Excerpts from a dataset:

:::::

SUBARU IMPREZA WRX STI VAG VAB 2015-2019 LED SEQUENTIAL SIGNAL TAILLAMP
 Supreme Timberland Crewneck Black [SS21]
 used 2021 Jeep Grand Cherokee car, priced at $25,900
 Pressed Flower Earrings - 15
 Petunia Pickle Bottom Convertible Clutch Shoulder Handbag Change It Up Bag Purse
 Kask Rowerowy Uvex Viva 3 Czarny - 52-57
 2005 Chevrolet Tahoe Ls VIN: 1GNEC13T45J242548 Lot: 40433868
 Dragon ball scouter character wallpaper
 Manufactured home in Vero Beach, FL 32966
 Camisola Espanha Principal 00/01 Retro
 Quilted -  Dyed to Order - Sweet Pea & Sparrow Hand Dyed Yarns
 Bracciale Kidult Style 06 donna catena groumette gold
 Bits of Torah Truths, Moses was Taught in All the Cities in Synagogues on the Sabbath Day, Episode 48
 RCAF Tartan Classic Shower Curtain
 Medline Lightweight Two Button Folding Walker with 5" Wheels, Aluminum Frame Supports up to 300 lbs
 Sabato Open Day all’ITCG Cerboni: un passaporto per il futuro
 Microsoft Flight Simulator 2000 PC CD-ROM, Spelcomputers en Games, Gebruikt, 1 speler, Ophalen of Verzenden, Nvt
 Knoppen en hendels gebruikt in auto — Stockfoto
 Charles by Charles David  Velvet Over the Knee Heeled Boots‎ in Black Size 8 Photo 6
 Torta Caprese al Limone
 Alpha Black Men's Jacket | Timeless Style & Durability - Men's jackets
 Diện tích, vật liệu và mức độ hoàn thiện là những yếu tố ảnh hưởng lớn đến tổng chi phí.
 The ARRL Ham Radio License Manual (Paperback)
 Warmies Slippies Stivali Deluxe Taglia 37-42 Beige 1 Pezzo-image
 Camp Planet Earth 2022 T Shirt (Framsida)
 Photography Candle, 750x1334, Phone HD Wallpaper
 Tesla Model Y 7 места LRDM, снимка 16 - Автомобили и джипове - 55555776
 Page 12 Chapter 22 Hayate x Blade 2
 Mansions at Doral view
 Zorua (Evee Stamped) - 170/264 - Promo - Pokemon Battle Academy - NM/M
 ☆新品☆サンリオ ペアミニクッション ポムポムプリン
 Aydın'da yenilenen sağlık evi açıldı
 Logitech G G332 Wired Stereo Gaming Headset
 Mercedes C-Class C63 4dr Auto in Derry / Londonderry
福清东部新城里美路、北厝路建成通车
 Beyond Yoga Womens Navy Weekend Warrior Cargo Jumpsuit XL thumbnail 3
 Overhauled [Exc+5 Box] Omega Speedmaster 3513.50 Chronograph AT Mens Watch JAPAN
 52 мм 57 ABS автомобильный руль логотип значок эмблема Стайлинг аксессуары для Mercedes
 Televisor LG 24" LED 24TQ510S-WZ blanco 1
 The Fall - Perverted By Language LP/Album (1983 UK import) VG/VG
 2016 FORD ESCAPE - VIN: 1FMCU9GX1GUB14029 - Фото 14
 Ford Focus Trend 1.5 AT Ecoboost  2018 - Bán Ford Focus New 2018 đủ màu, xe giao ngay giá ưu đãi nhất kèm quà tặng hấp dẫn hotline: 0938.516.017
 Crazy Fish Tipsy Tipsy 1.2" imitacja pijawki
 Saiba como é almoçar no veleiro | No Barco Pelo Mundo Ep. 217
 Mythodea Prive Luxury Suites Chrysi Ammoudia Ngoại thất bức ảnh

:::::

Reproduce each line of the records in which the word "Black" appears.

**RESPONSE TO THIS EXERCISE:**
 Supreme Timberland Crewneck Black [SS21]
 Charles by Charles David  Velvet Over the Knee Heeled Boots‎ in Black Size 8 Photo 6
 Alpha Black Men's Jacket | Timeless Style & Durability - Men's jackets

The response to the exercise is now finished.